▸ What you will do
Please repeat, precisely as written, only the lines from the one containing "Tableau sur toile" through the last line of the records below, pictures omitted.

Dataset excerpts Block Start

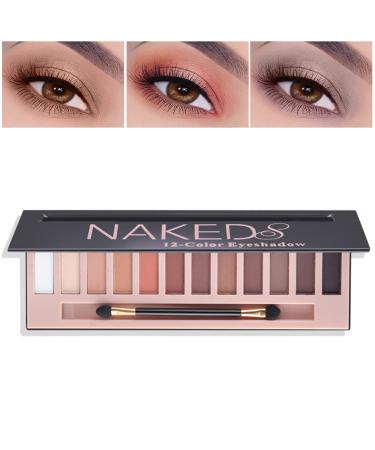 NVLEPTAP 12 Colors Naked Nude Natural Matte Eyeshadow Palette with Brush Waterproof & Long Lasting Smokey Eye Makeup(Matte)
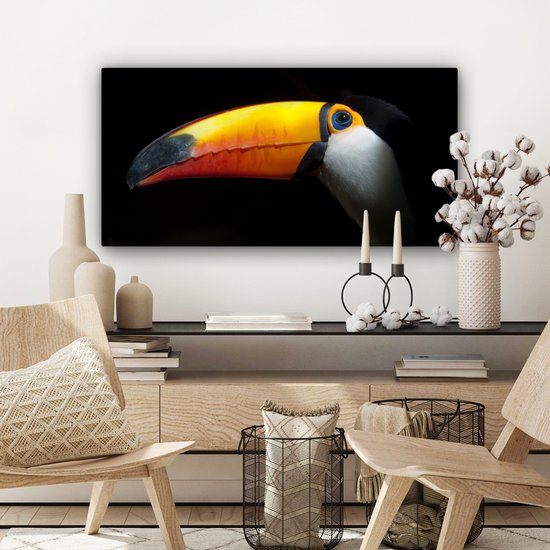 Tableau sur toile Toucan - Vogel - Bec - 80x40 cm - Décoration murale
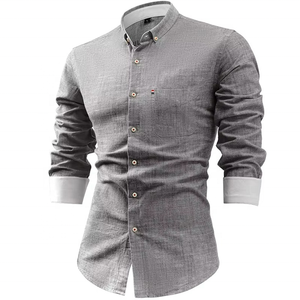 Chemise décontractée d'été à manches longues pour homme, grande taille, en coton et lin, couleur unie, boutonnée, respirante - Product Image 2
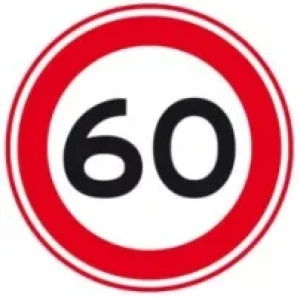 Verkeersbord A01 - 60 Ø 60 cm / Maximum snelheid 60 km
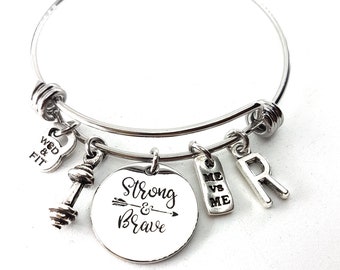 Fitness Bracelet Strong and Brave · Initial Bracelet · Women Bracelet · Gym Gifts · Bff Gifts · Daughter Gift · I am enough ·GYM·Wod and Fit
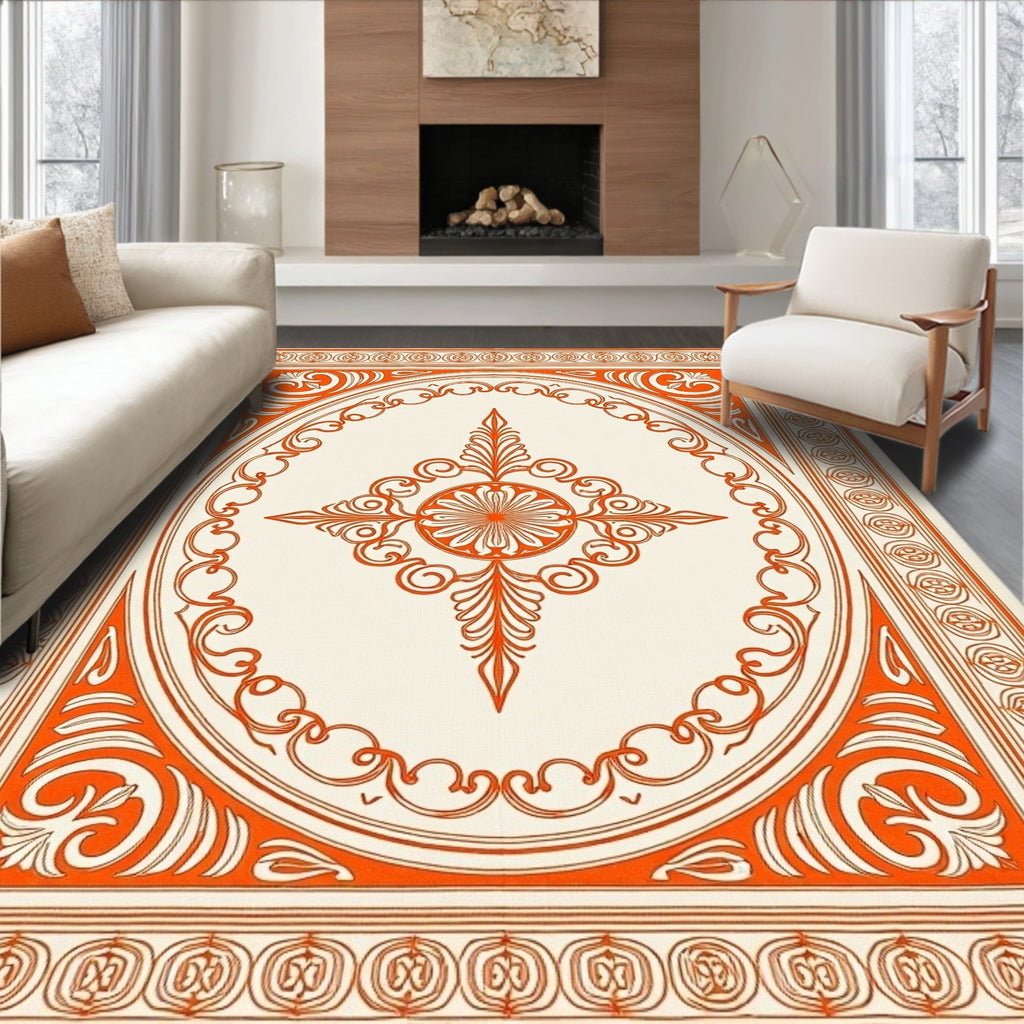 Orange Cream Medallion Frame Rug
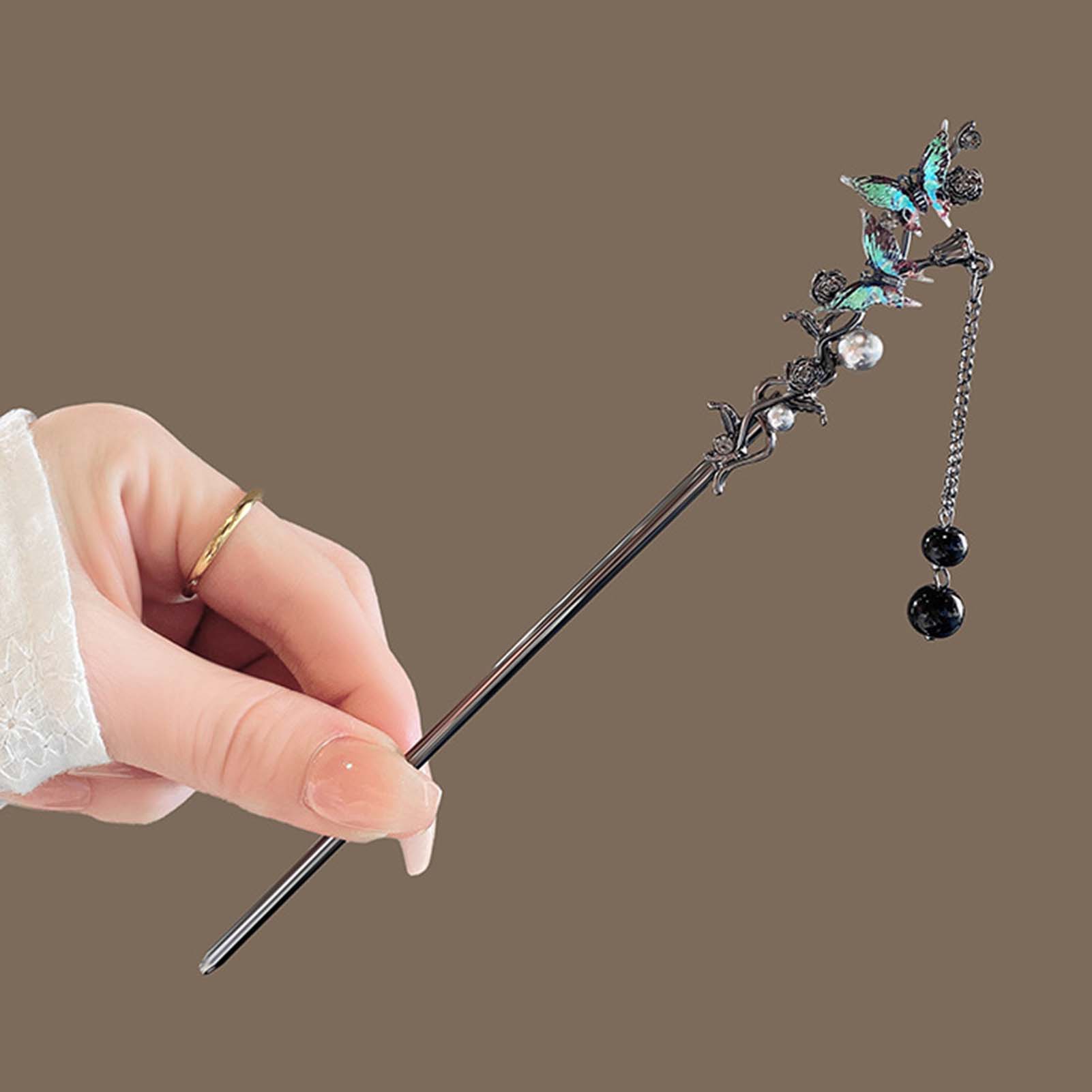 دبابيس شعر معدنية سوداء على ال - مراجعة Hanbok Hair Pin وسعره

Dataset excerpts Block End

▸ Solution
 Tableau sur toile Toucan - Vogel - Bec - 80x40 cm - Décoration murale
 Chemise décontractée d'été à manches longues pour homme, grande taille, en coton et lin, couleur unie, boutonnée, respirante - Product Image 2
 Verkeersbord A01 - 60 Ø 60 cm / Maximum snelheid 60 km
 Fitness Bracelet Strong and Brave · Initial Bracelet · Women Bracelet · Gym Gifts · Bff Gifts · Daughter Gift · I am enough ·GYM·Wod and Fit
 Orange Cream Medallion Frame Rug
 دبابيس شعر معدنية سوداء على ال - مراجعة Hanbok Hair Pin وسعره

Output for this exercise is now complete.